- Opening Delimiter -
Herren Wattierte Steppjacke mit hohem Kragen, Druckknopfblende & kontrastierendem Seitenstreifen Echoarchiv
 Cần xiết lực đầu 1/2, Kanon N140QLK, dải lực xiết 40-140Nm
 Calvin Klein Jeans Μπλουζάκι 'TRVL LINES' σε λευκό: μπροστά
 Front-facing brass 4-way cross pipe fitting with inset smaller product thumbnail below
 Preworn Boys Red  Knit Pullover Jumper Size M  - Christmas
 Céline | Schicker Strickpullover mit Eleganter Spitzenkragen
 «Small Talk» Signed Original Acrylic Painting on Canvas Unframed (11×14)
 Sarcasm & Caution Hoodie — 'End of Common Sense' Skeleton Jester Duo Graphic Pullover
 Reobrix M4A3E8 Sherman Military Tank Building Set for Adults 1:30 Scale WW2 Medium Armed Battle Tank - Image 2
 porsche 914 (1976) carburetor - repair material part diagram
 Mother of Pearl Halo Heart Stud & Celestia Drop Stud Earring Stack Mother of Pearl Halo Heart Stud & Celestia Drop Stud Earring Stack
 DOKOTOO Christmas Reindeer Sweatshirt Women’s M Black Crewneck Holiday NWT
- Closing Delimiter -
▶ PROBLEM DETAILS: Repeat exactly, and only, the lines from the line with "Canvas Unframed (11×14)" through the end of the listing above, both ends included.

▶ EXPECTED OUTPUT:
 «Small Talk» Signed Original Acrylic Painting on Canvas Unframed (11×14)
 Sarcasm & Caution Hoodie — 'End of Common Sense' Skeleton Jester Duo Graphic Pullover
 Reobrix M4A3E8 Sherman Military Tank Building Set for Adults 1:30 Scale WW2 Medium Armed Battle Tank - Image 2
 porsche 914 (1976) carburetor - repair material part diagram
 Mother of Pearl Halo Heart Stud & Celestia Drop Stud Earring Stack Mother of Pearl Halo Heart Stud & Celestia Drop Stud Earring Stack
 DOKOTOO Christmas Reindeer Sweatshirt Women’s M Black Crewneck Holiday NWT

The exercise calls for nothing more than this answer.